IntroductionUp
Most PanLex content has been ingested from final source files created in the process of source analysis. If an editor of a source decides to improve the source’s data, the editor usually revises the scripts that generated the final source file and re-executes them, producing a new final source file, which is then submitted as a replacement for the existing data of the source.
However, some improvements to the quality of PanLex data do not seem to be practical if they must be made via reingestion of final source files. This is true for quality defects that appear in many sources. To remedy these, it is more efficient to apply rules directly to the data in the database.
For example, suppose that we wish to extract expressions from all definitions in English that consist of a verb followed by “somebody” when their meanings don’t yet have denotations with those verbs as expressions. One action can do this for data from hundreds of sources at once, while doing it one by one in all the sources would be inefficient.

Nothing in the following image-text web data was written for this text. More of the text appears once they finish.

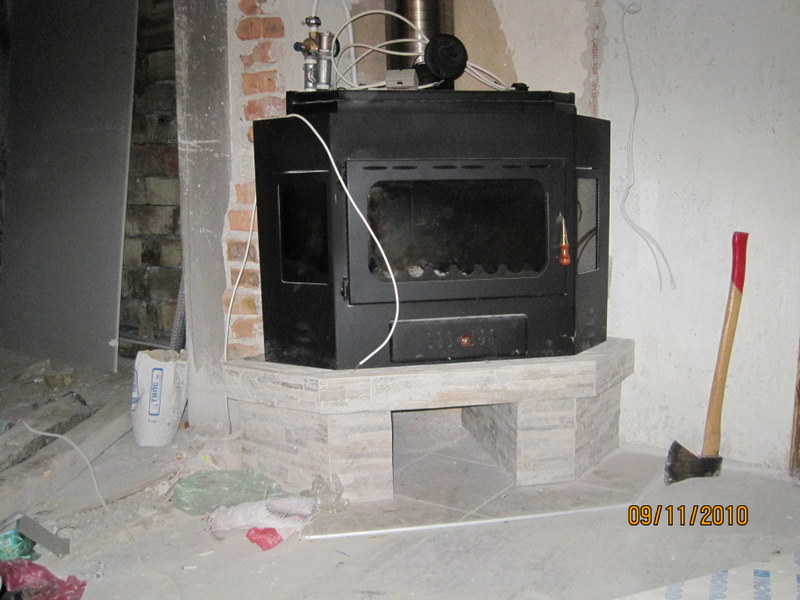 PictureWizard 002.jpg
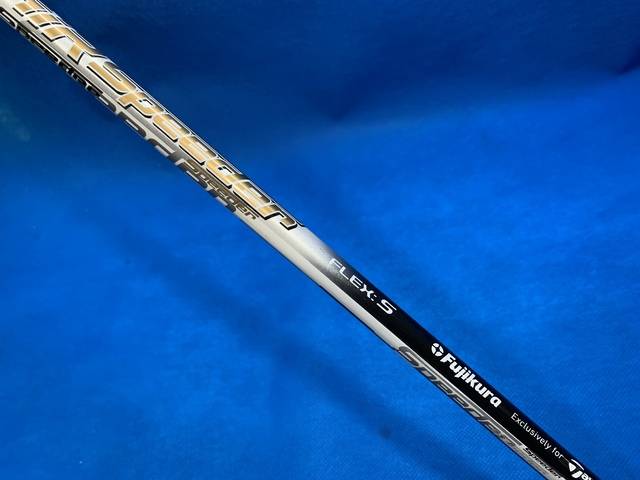 TaylorMade 中古ゴルフ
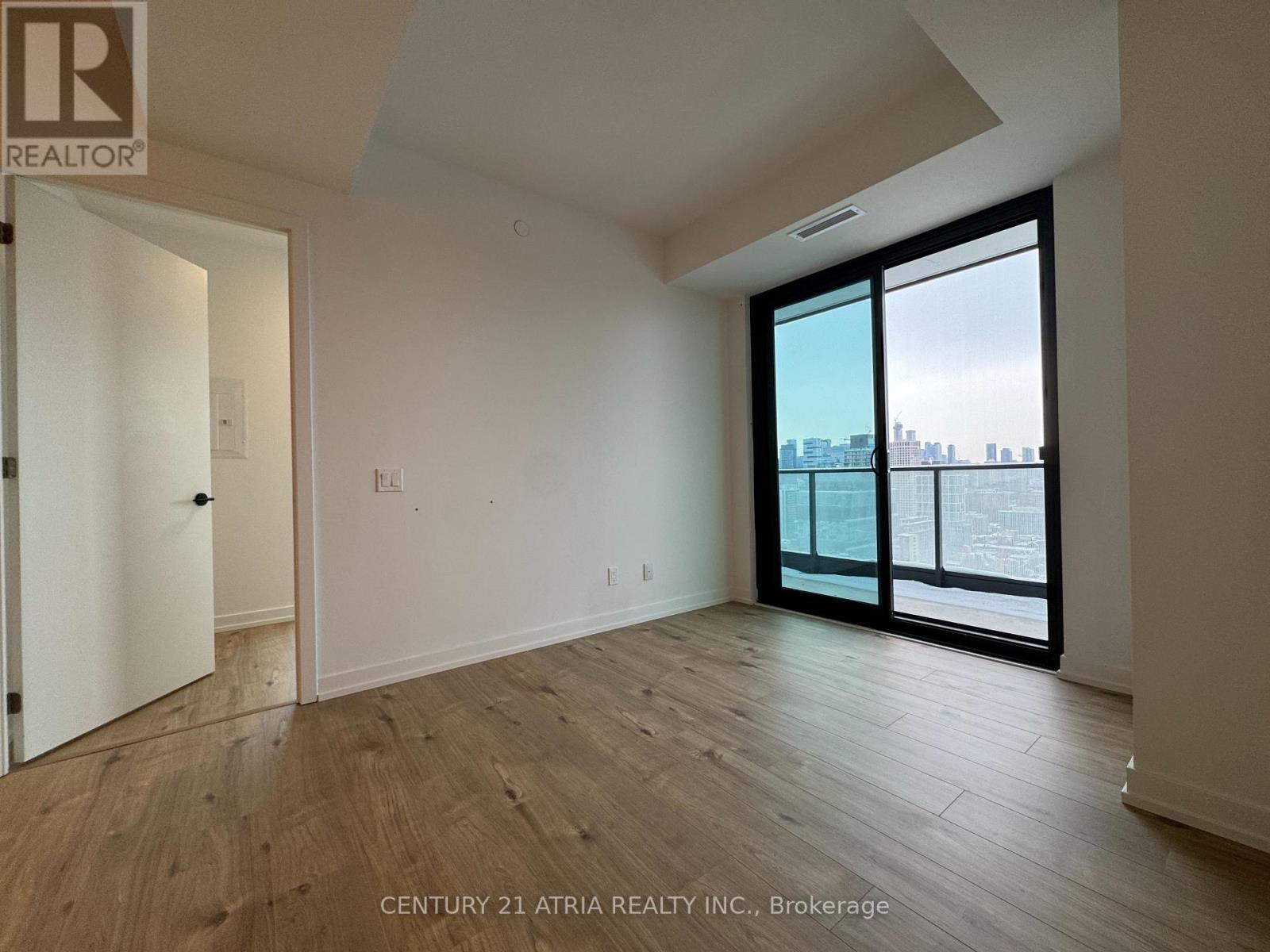 2808 - 35 Parliament Street, Toronto, Ontario  M5A 0Z5 - Photo 16 - C12792994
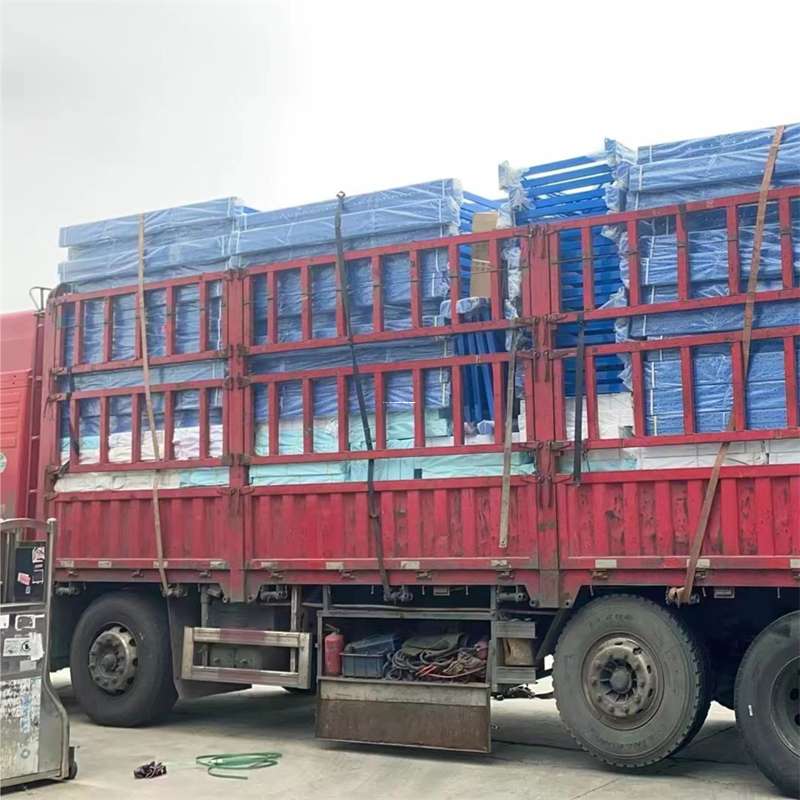 阿克苏到淮安物流公司——一站式服务，让货运更便捷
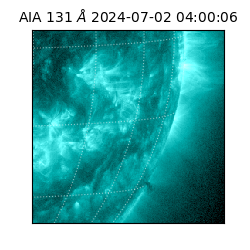 saia - 2024-07-02T04:00:06.618000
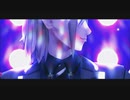 【MMDツイステ】INTERGALACTIA【ヴィル中心/NRCトライブ】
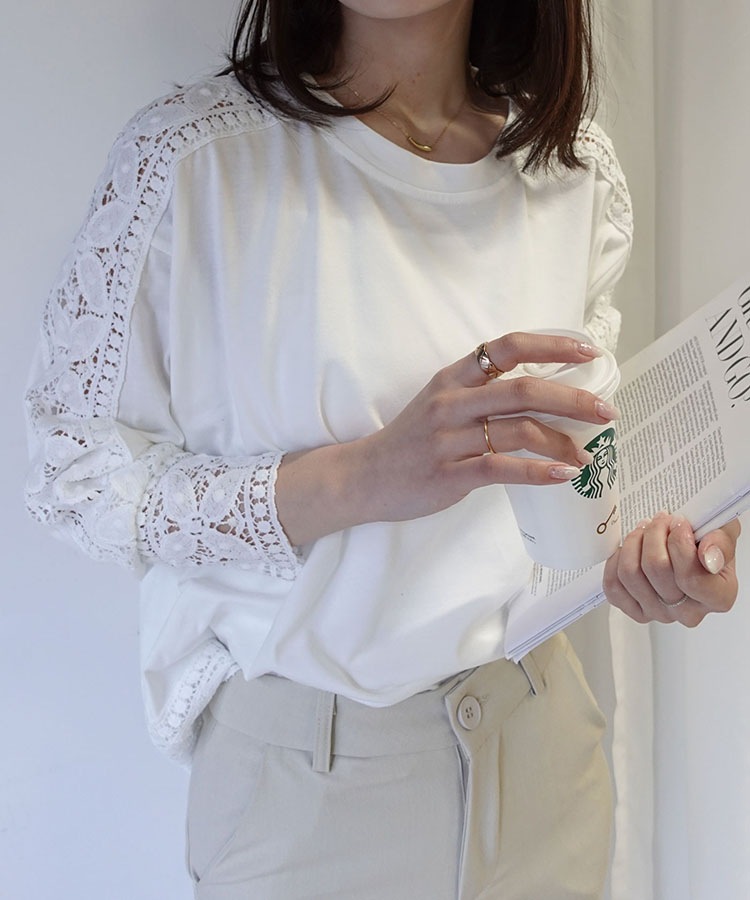 µ�졼���ȥåץ�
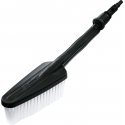 Bosch UniversalAquatak 125 -painepesuri + home-car kit Bosch UniversalAquatak 125 -painepesuri + home-car kit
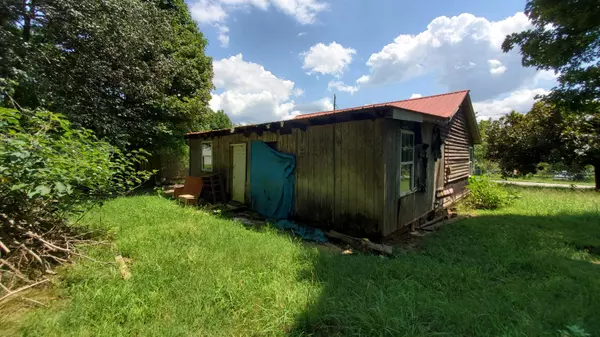 Decherd, TN 37324,119 Noles ST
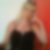 Photo de profil de Christine Prudhomme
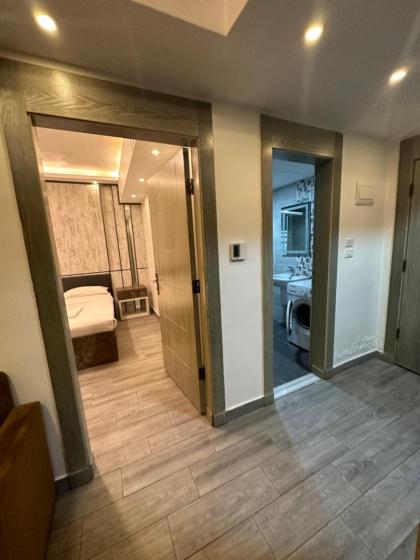 apartment for rent khaldi(HA31) - image 8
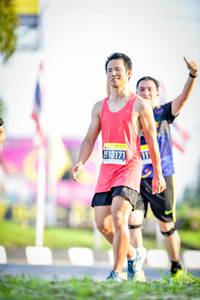 BIB: 
                            <button type="button" onclick="openModal(3833323)" class="btn btn-primary btn-sm float-right btn-popup" data-toggle="modal" data-target=".modal-high-quality">
                        <i class="fas fa-shopping-cart"></i> Add to Cart
                    </button>
                                            <button type="button" onclick="isThisMe(3833323, true)" class="btn btn-success btn-sm float-right btn-popup btn-isme hidden" data-toggle="tooltip" data-placement="bottom" title="นี่คือรูปของคุณใช่ไหม คลิกที่นี่เพื่อเอาเข้าอัลบั้ม">
                        <i class="fas fa-plus"></i> Add to album
                    </button>
                    <button type="button" onclick="isThisMe(3833323, false)" class="btn btn-warning btn-sm float-right btn-popup btn-isnotme hidden">
                        <i class="fas fa-ban"></i> Remove from album
                    </button>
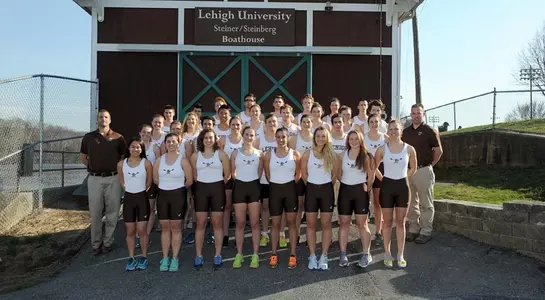 Rowing Team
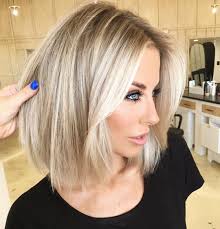 Looking for stunning short blonde hairstyles to convince you to go blonde? 20 Edgy Short Hair Looks To Inspire Your Next Haircut Page 2 Of 3 Hey Cinderella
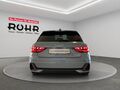 Fahrzeug Bild Audi A1 Sportback S line 30 TFSI S tronic (Garantie 02/2030.LED.SHZ.Navi.EPH) 6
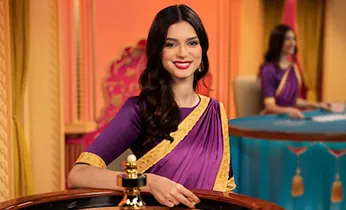 Mẹo cá cược thể thao bq88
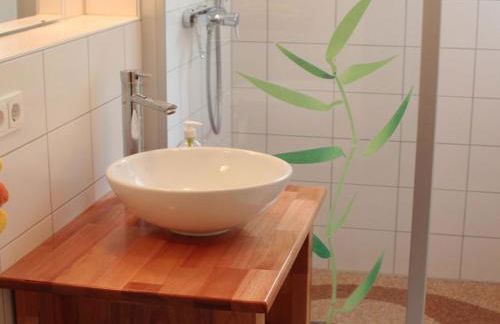 Haus Am Apfelweg - Foto 23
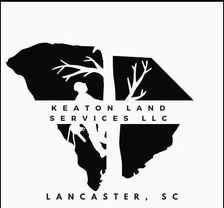 Avatar for Keaton Land Services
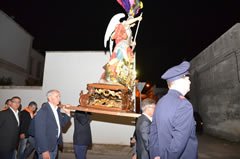 Festa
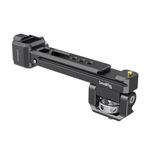 SmallRigTiltMonitorMountpentruDJIRoninSRoninSCZhiyunCRANE3WEEBILLLABWEEBILLSBSE2386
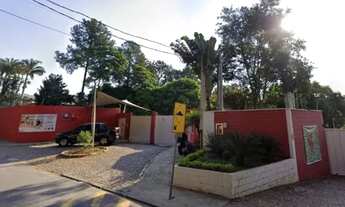 Imagem: Imóvel Comercial em Leilão - Jardim Santa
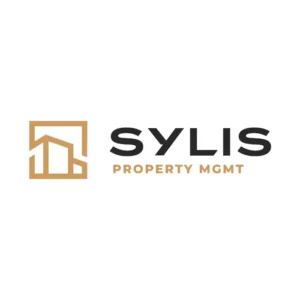 SYLIS Property Mgmt logo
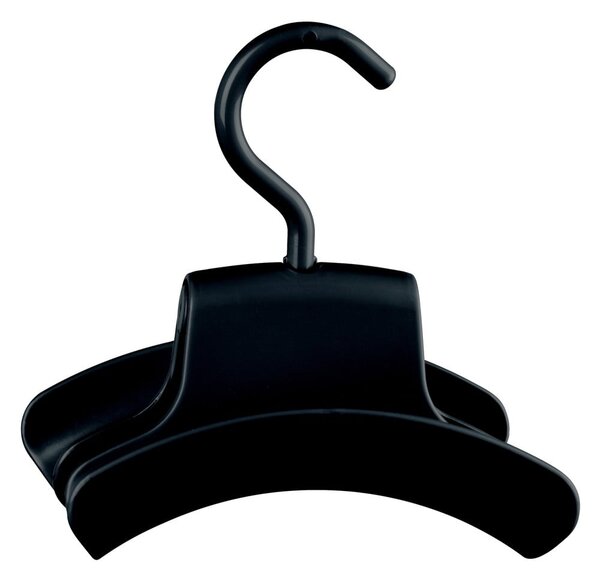 Organizer per armadio in plastica in set da 3 per borsette Herkules - Wenko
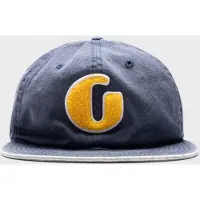 Gallery Dept . OLG Patch Pet Navy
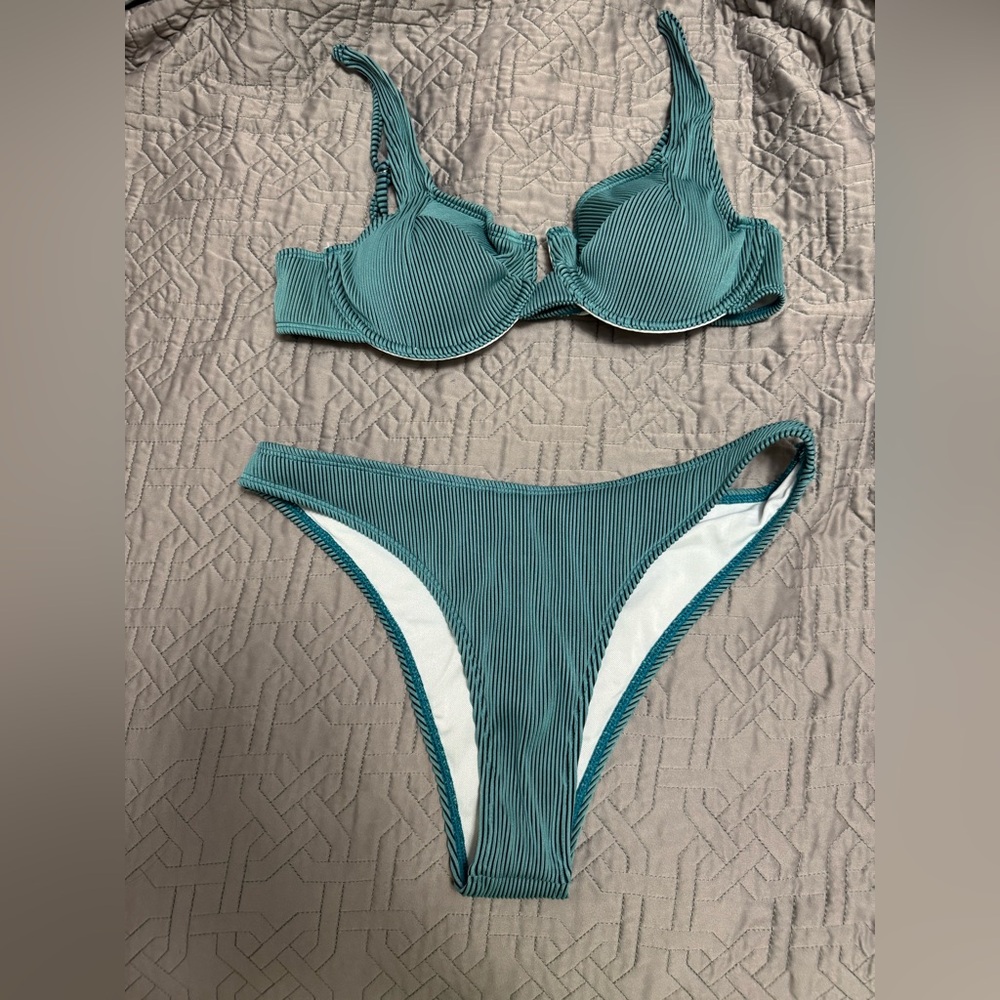 Bikini set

Efficiency in content curation is important, because there are many candidates for curation among the facts in the database. For example, different expressions in the same language variety that share a degraded form merit consideration for consolidation. As of December 02015, there were about a million such sets, and about 160,000 in English.
Caveat
Although content curation can significantly benefit the quality of PanLex data, it also creates a major problem to solve: durability. For data from most sources, durability is not a problem, because most sources have been published once and are unlikely ever to be revised. But many sources, such as Wiktionaries and Freelang dictionaries, are revised continuously, periodically, or occasionally. If we perform content curation, it may modify data from those sources. Then, when they are revised and we reanalyze them, the revised data replace the previous data, perhaps destroying the curated improvements.
We then have the problem of making durable content curation possible, despite the replacive reingestion of revised sources.
Solutions
One solution concept is normalization-mediated durability. It is the effect of content curation on future source analysis by means of the normalize
and normalizedf
serialization scripts. If this worked perfectly, it would be unnecessary to worry about durability, because curated changes in content would be self-replicating even in the ingestion of data from revised sources. If, for example, we merged the expression “decision maker” into the expression “decision-maker”, then, in future analyses of sources containing “decision maker”, the normalize
script would convert it to “decision-maker”.
Another solution concept is repetitive curation. It is a practice of writing routines to perform curation rather than curating editorially. A library of curation routines could be executed periodically or after triggering events (such as replacive ingestion of a source), to reinstate improvements that might have been lost.
Normalization cannot mediate the durability of some curated improvements, unless the normalization scripts are amended to cover those improvements. As of 02015, for example, a curated change of the character “!
” (exclamation mark) to “ǃ
” (Latin letter retroflex click) in some contexts would not self-replicate, because otherwise identical words containing these two characters would not have the same degraded form. Likewise, no normalization script would replicate a correction of an expression’s language variety.
How?
PanLex does not yet offer an interface useful for comprehensive content curation, nor any built-in guarantee of durability.
Some content curation can be performed with the PanLem interface, but any sophisticated conditional rules must be applied with an SQL client, such as psql.
A few user-defined procedures in the database support particular curation actions in an SQL client. Among them are exlvmd
(integer, integer, text, text) and dnlvmd
(integer, integer, text, text). They permit you to change the language variety of all expressions in a particular language variety that are in a particular script, except when doing so would violate a uniqueness constraint.